# [TASK PROMPT]
Although the data holds pictures, return only the lines from the one containing "Gemeinsame britische Insekten" to the end, exactly, and without them.

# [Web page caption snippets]
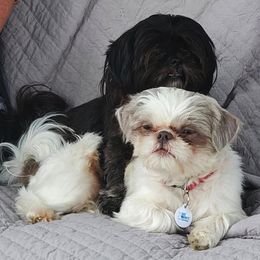 Shih Tzus from Diamond Mountain Shih Tzus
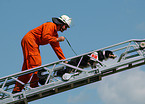 rescue dog on fireladder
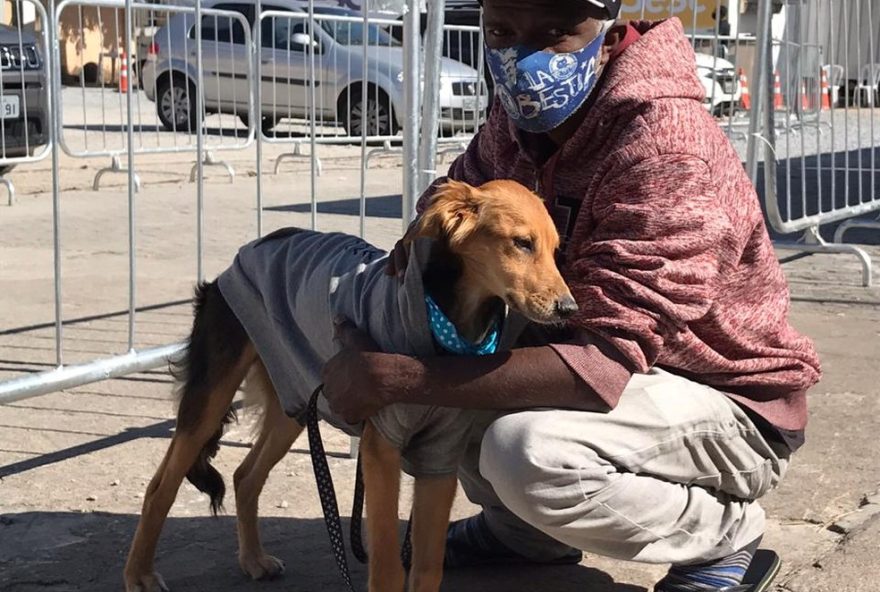 lei-em-bh-garante-espacos-para-animais-em-abrigos-de-pessoas-em-situacao-de-rua lei-em-bh-garante-espacos-para-animais-em-abrigos-de-pessoas-em-situacao-de-rua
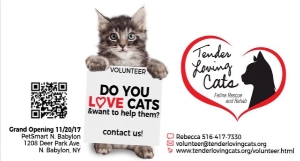 Pets for Adoption at Tender Loving Cats, Inc, in North Babylon, NY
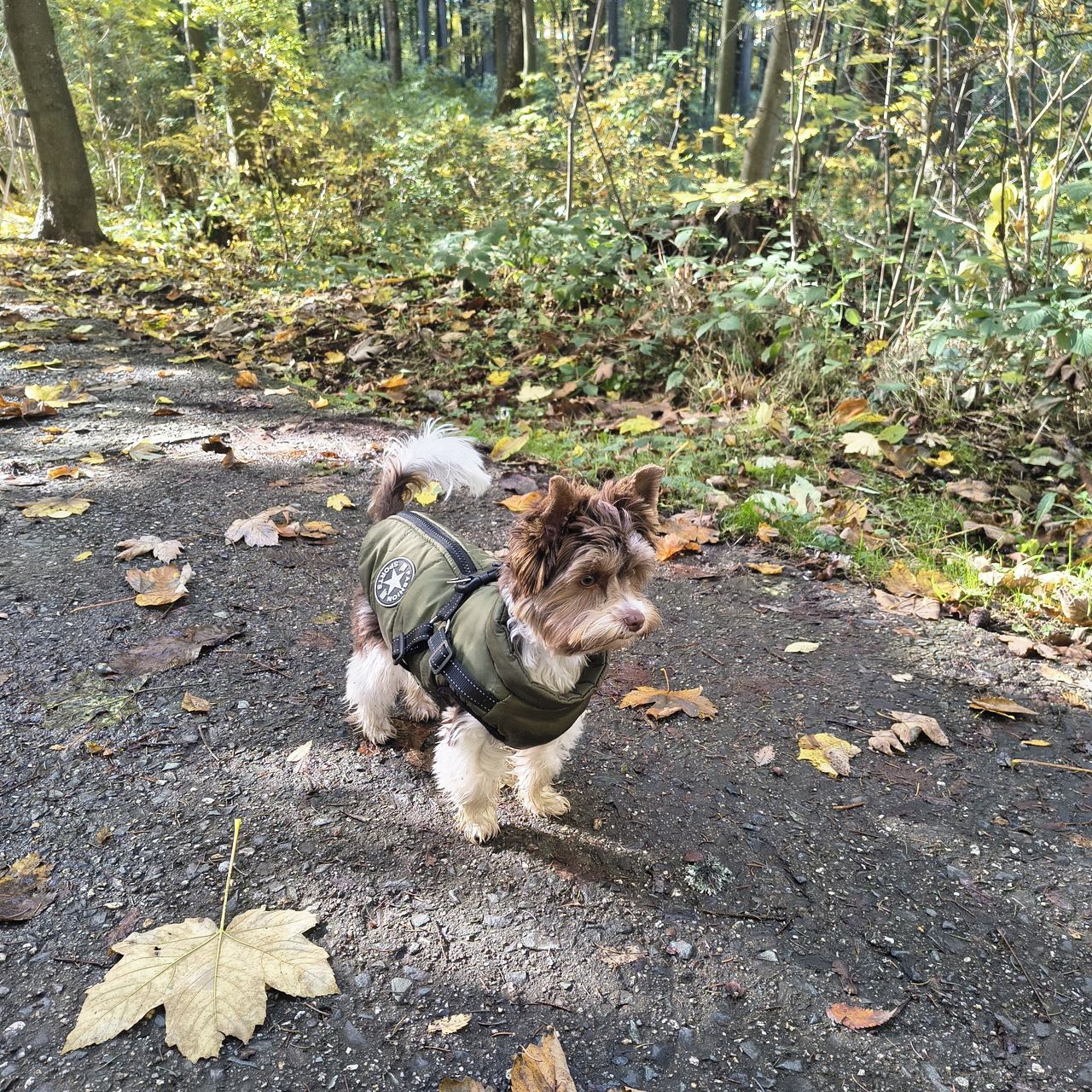 Soutěžní fotografie - Enick,  Yorkšírský terier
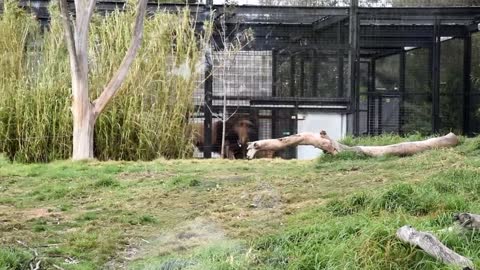 Best Ever Lions Fighting Melbourne Zoo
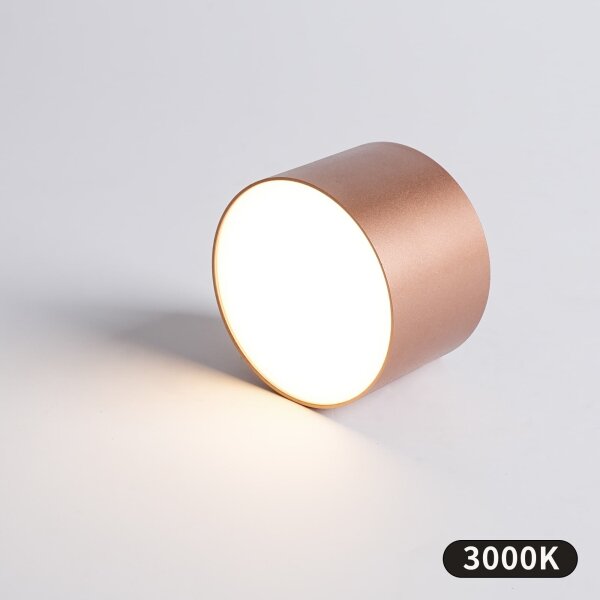 BRILAGI - Плафон за баня FORIS LED/9W/230V Ø 9 см бронзов IP44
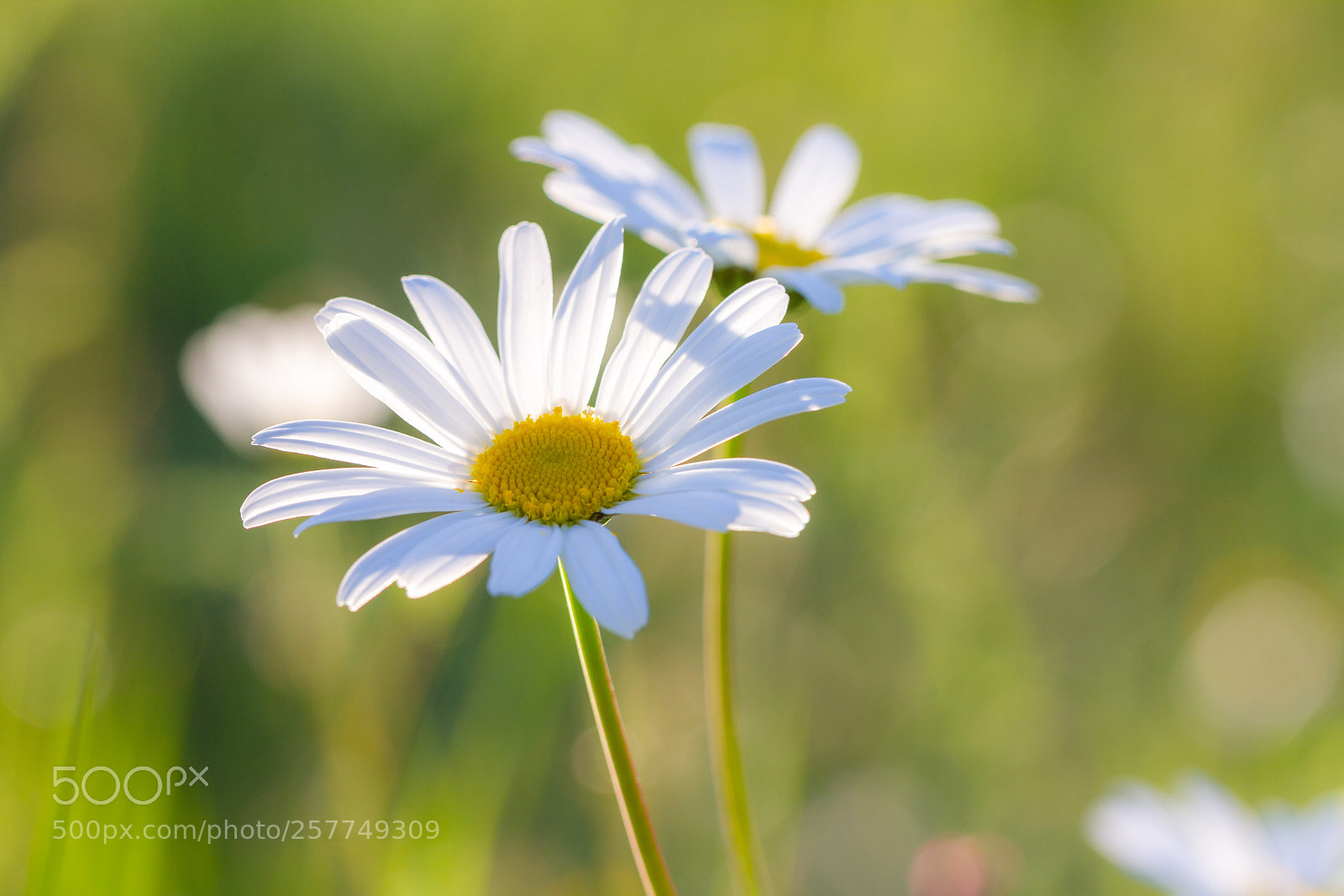 Canon EOS 7D sample photo. Marguerite photography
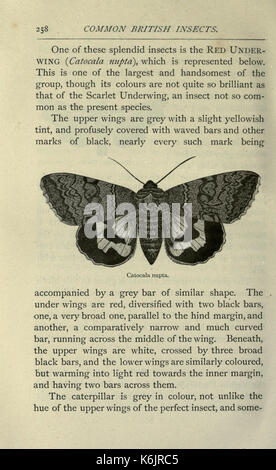 Gemeinsame britische Insekten von den typischen Käfer, Motten und Schmetterlinge von Großbritannien (Seite 258) BHL 20045577 Stockfoto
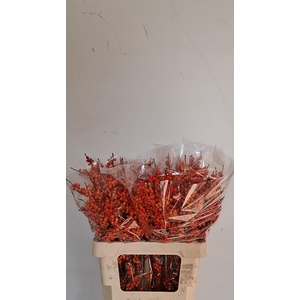 ILEX VE ORANGE GLOW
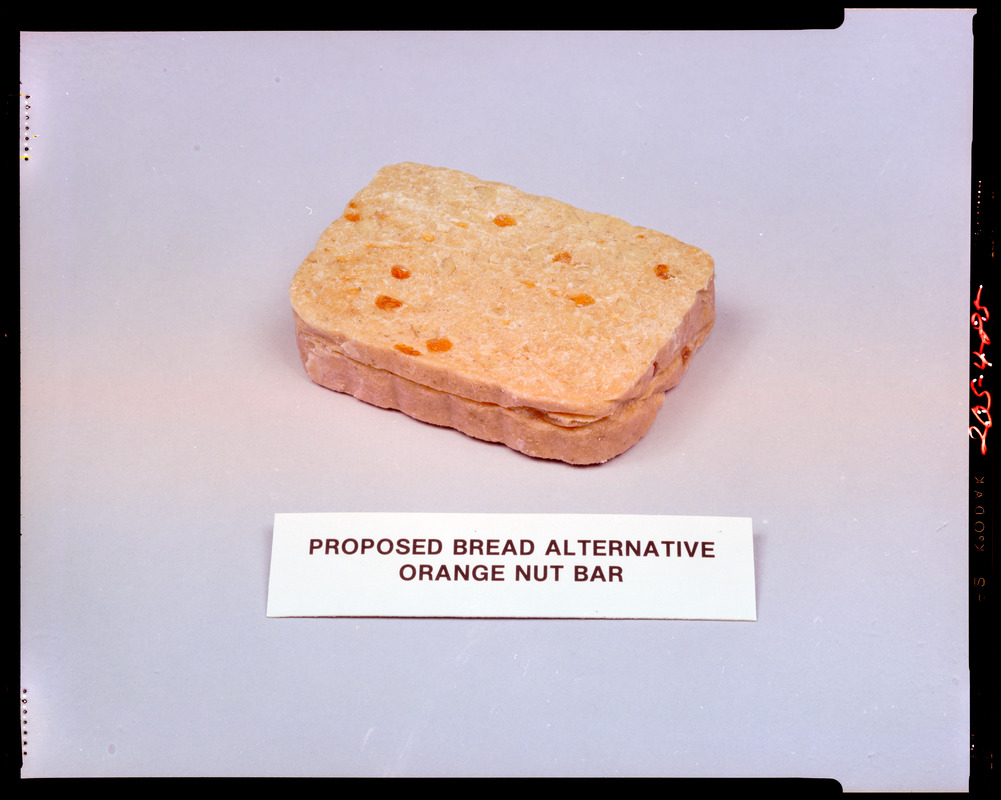 Proposed bread alternative, orange nut bar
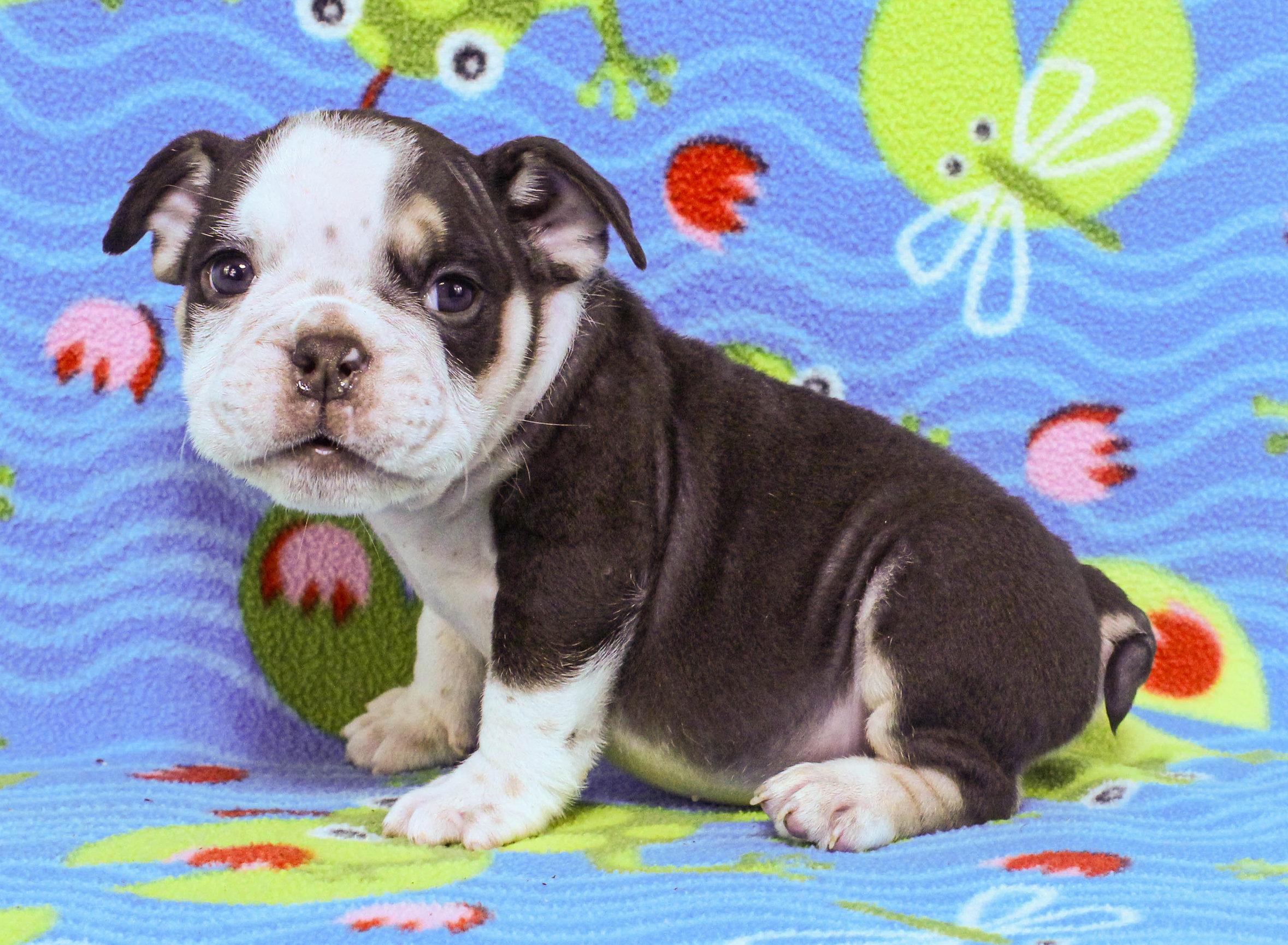 Home of the Smaller AKC English Bulldog Puppies - Newbies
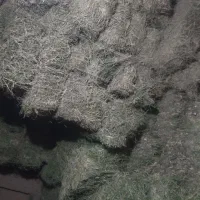 یونجه درجه یک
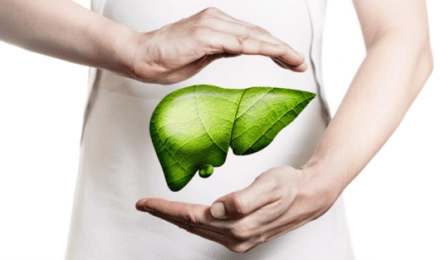 The liver – an unsung hero of the immune system
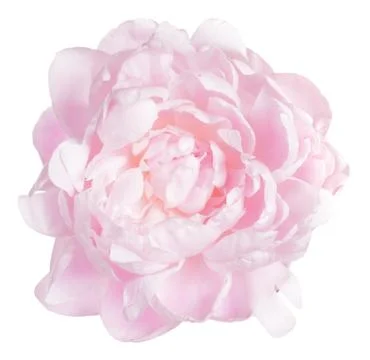 Peony Stock Photos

# [WRITTEN REPLY]
 Gemeinsame britische Insekten von den typischen Käfer, Motten und Schmetterlinge von Großbritannien (Seite 258) BHL 20045577 Stockfoto
 ILEX VE ORANGE GLOW
 Proposed bread alternative, orange nut bar
 Home of the Smaller AKC English Bulldog Puppies - Newbies
 یونجه درجه یک
 The liver – an unsung hero of the immune system
 Peony Stock Photos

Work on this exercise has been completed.